Monday, April 13, 2015

Konglomerasi Media Dan Intervensi Pemilik Terhadap Media

Konglomerasi Media Dan Intervensi Pemilik Terhadap Media



Oleh Debby Kurniadi
1.   Latar Belakang
Informations is commodity and power. Di era globalisasi saat ini informasi tidak lagi menjadi kebutuhan sekunder, tetapi telah mengalami transisi sebagai komoditas utama bagi khalayak. Mereka yang menguasai informasi adalah mereka yang memiliki power, kalimat tersebut sudah menjadi pembahasan hari-hari masyarakat yang juga memperkuat betapa pentingnya informasi sebagai suatu kebutuhan.

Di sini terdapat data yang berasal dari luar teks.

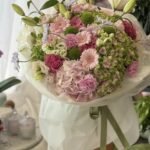 A bouquet of hydrangeas, lilies and gerberas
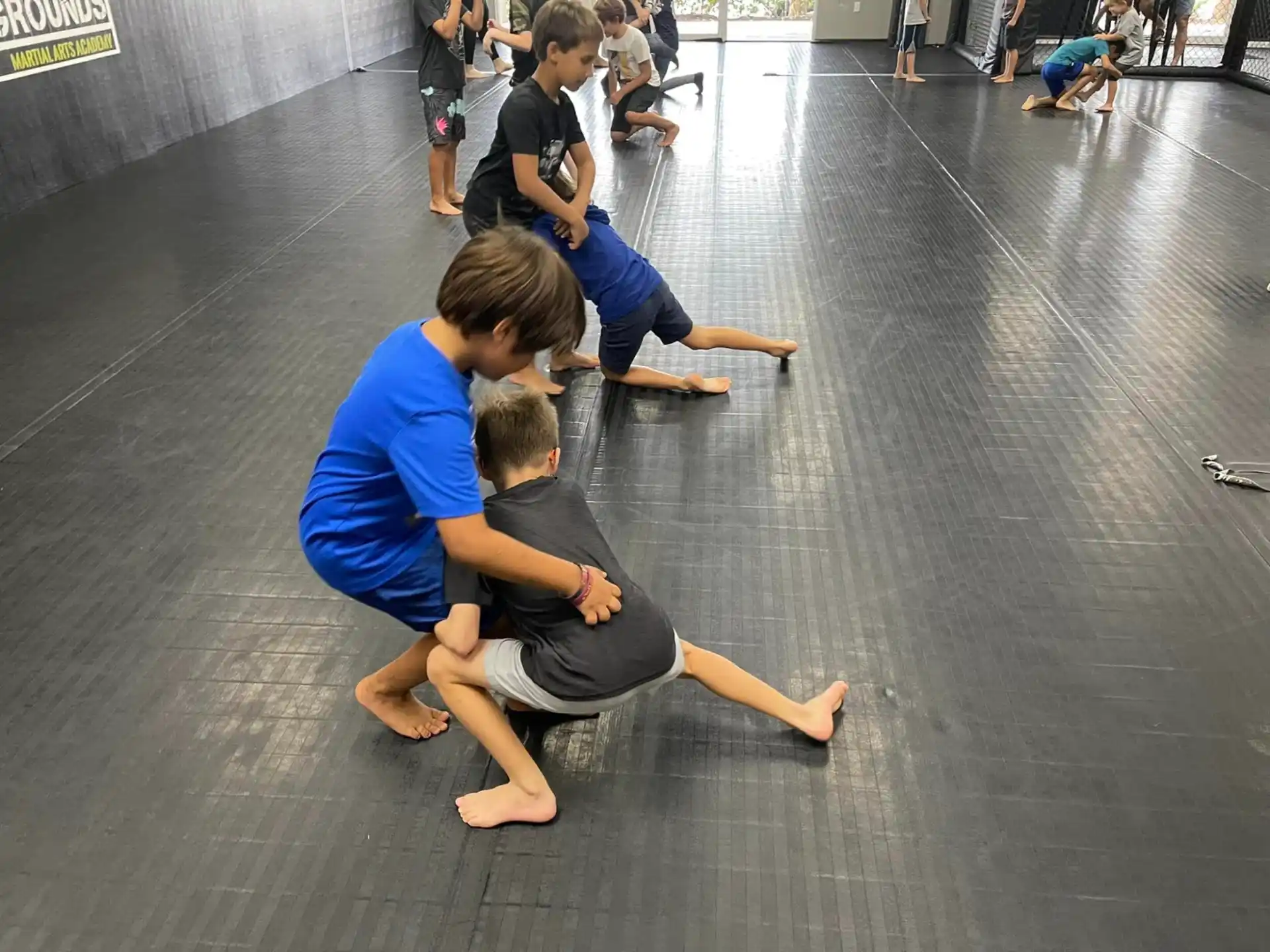 a group of boys playing on the floor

Media merupakan bagian dari komunikasi massa yang tentunya memegang posisi penting dalam percepatan menyampaikan informasi terkini kepada masyarakat. Mengingat pentingnya media sebagai saluran dalam menyampaikan informasi tentunya tidak lepas dari fungsi utama media. Menurut Samuel L. Becker (1985) ada tujuh fungsi komunikasi massa terhadap individu, sebagai berikut:
  •  Pengawasan atau pencarian informasi 
  •  Mengembangkan konsep diri 
  •  Fasilitas dalam hubungan sosial 
  •  Subtitusi dalam hubungan sosial 
  •  Membantu melegakan emosi 
  •  Sarana pelarian dari ketegangan dan keterasingan 
  •  Sebagai bagian dari kehidupan rutin atau ritualisasi (dalam Yasir, 2009)
Kebutuhan masyarakat akan informasi telah menjadikan industri media berkembang pesat, tidak saja di negara maju tetapi juga di Indonesia pasca Reformasi dengan isunya “Kebebasan Pers”. Media lokal pun seakan-akan tidak ingin kehilangan moment ini, seperti halnya Riau Pos Group dan beberapa media lainnya yang ada di Provinsi Riau.

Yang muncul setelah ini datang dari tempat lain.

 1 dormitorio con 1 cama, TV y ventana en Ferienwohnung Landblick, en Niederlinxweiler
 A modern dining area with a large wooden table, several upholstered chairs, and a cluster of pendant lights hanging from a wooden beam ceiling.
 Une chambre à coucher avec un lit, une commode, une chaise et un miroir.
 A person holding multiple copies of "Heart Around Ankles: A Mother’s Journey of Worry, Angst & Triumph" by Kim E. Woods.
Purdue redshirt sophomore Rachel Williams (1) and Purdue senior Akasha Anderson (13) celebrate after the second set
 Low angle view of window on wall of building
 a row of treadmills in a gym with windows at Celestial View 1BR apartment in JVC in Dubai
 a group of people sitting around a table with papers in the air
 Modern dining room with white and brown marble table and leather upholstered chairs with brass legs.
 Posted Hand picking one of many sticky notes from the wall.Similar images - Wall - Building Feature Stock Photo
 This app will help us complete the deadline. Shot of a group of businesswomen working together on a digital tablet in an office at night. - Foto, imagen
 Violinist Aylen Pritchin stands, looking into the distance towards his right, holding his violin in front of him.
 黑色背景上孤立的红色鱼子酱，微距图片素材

Pesatnya perkembangan media massa saat ini, juga menjadikan media tidak lagi sebagai institusi yang ideal dalam menyampaikan informasi yang akurat dan berimbang, sebagai alat sosial, politik, budaya dan fungsinya dalam mengawasi jalannya pemerintahan dan regulasi. Tetapi telah berubah menjadi institusi yang menjanjikan secara ekonomi bagi para pengusaha.

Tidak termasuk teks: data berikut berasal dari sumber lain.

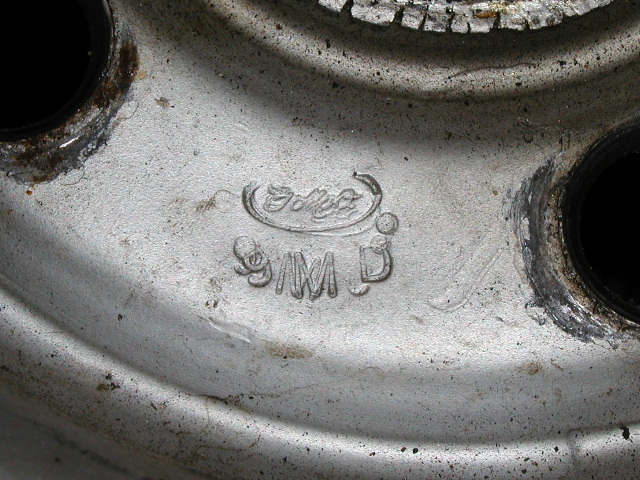 Close-up of Ford script and code stamped into the center of a silver steel wheel
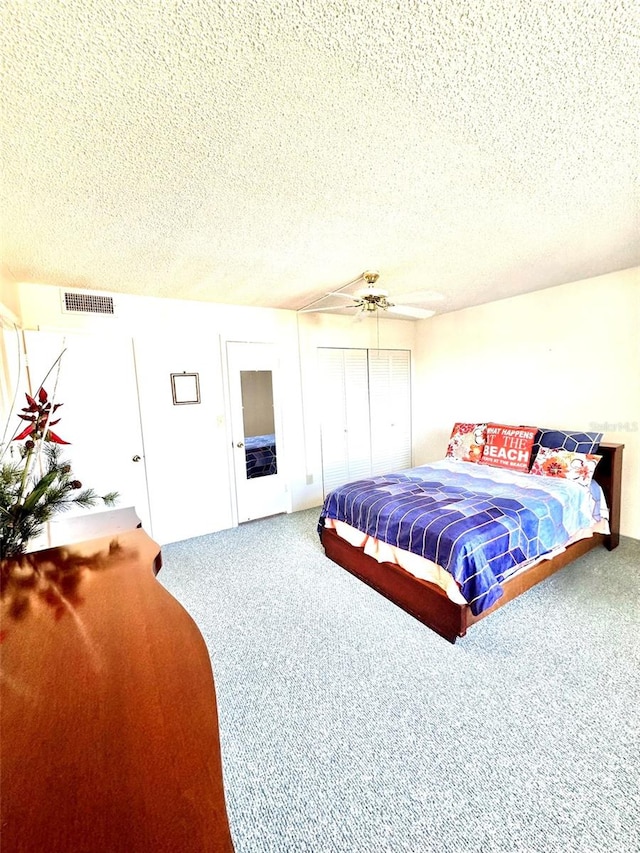 bedroom featuring a textured ceiling, carpet floors, and ceiling fan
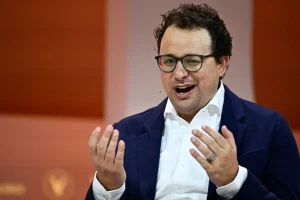 Anthropic urges a worldwide pause on AI development following a $965B valuation, while critics argue it's meant to weaken rivals.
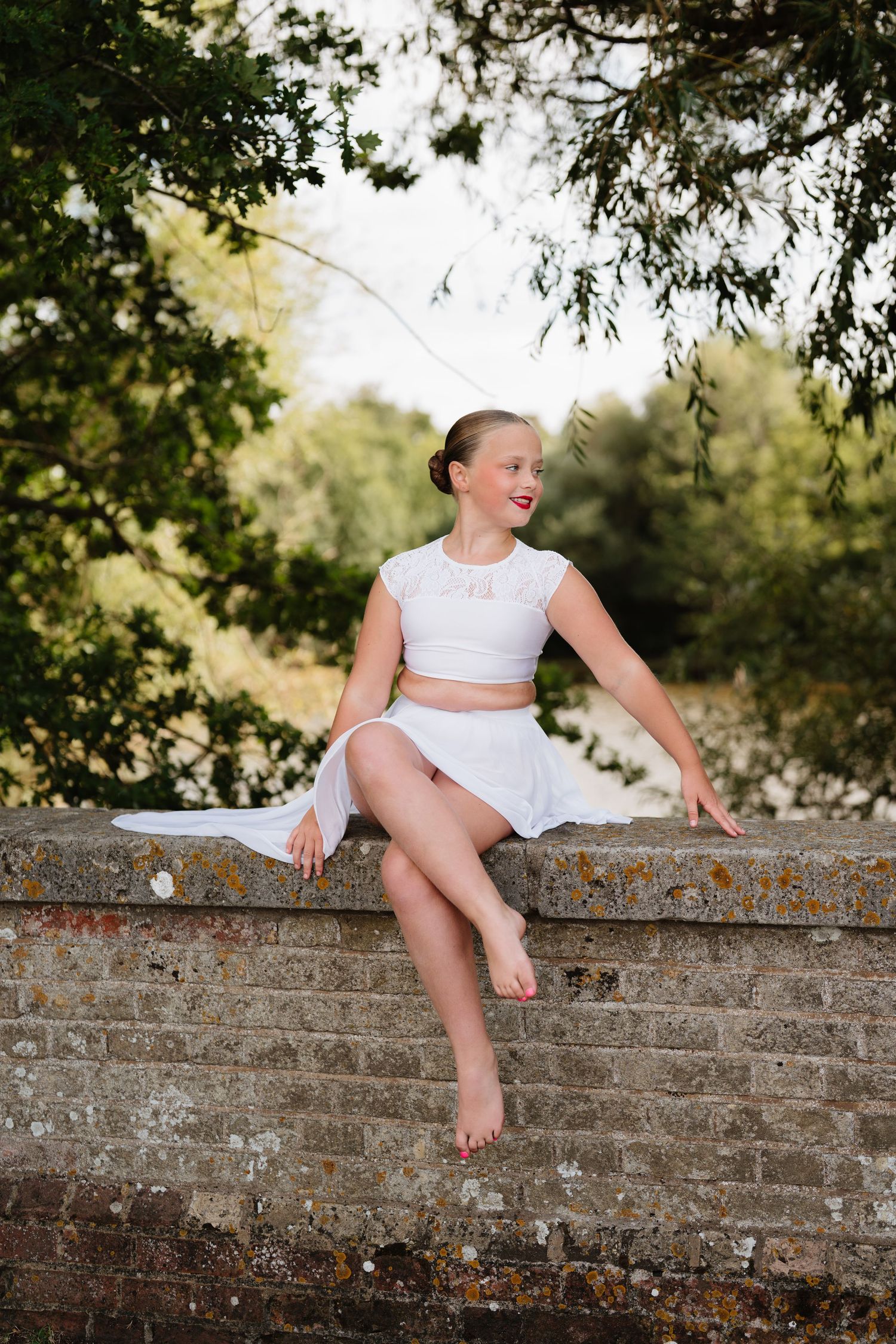A series of elegant movements displayed on an old brick wall in natural lighting. Manningtree, Essex.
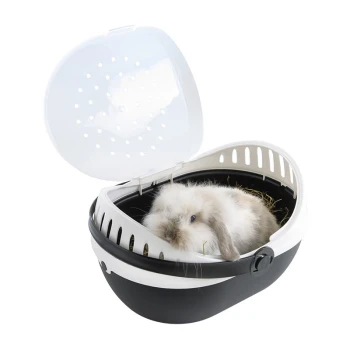 Un lapin gris et blanc duveteux est assis à l'intérieur d'un transporteur pour animaux de compagnie noir et blanc avec un couvercle transparent, entouré de foin.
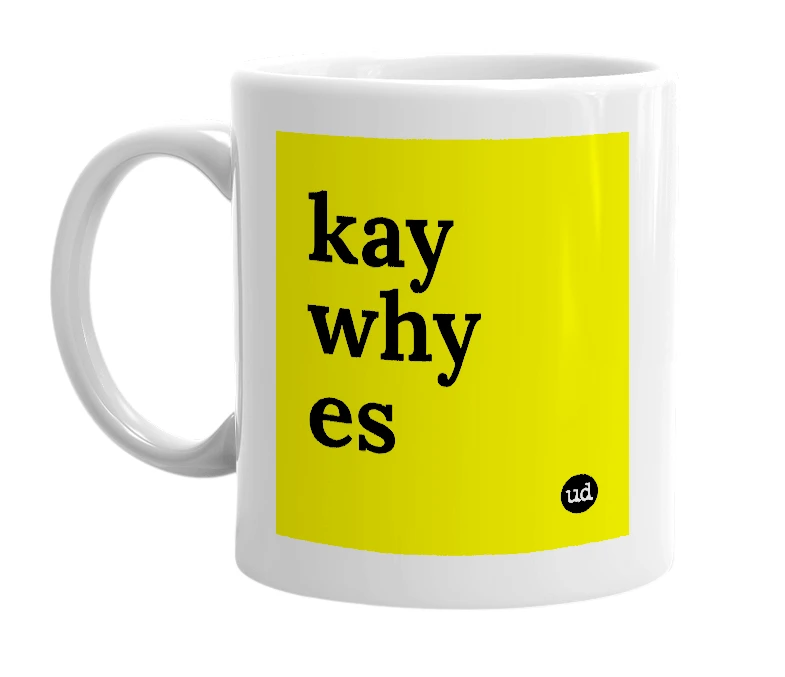 White mug with 'kay why es' in bold black letters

Begitu juga halnya dengan kepentingan pemilik media, yang mampu menggiring opini masyarakat tehadap suatu realitas. Hal ini bertambah “tidak baik” dengan adanya beberapa perusahaan berskala besar yang memiliki unit usaha berbagai media. Sehingga pemilik media mampu mempengaruhi masyarakat dengan media yang dimiliknya, dan tidak jarang beberapa media memiliki konten informasi yang sama. Hal ini disebut juga dengan konglomerasi media, sehingga sulit bagi masyarakat pada saat ini untuk mencari media yang benar-benar netral dan bertanggung jawab.
2.   Konglomerasi Media
Konglomerasimedia merupakan kekuatan dari perusahaan yang berskala besar dalam memiliki banyak dan jenis media massa sebagai bagian bisnisnya. Tentu saja konglomerasi media ini sangat tidak sehat dalam iklim demokrasi mengingat kekuatan media (power full) yang sangat berpengaruh terhadap masyarakat yang menkonsumsi informasi dari media media tersebut.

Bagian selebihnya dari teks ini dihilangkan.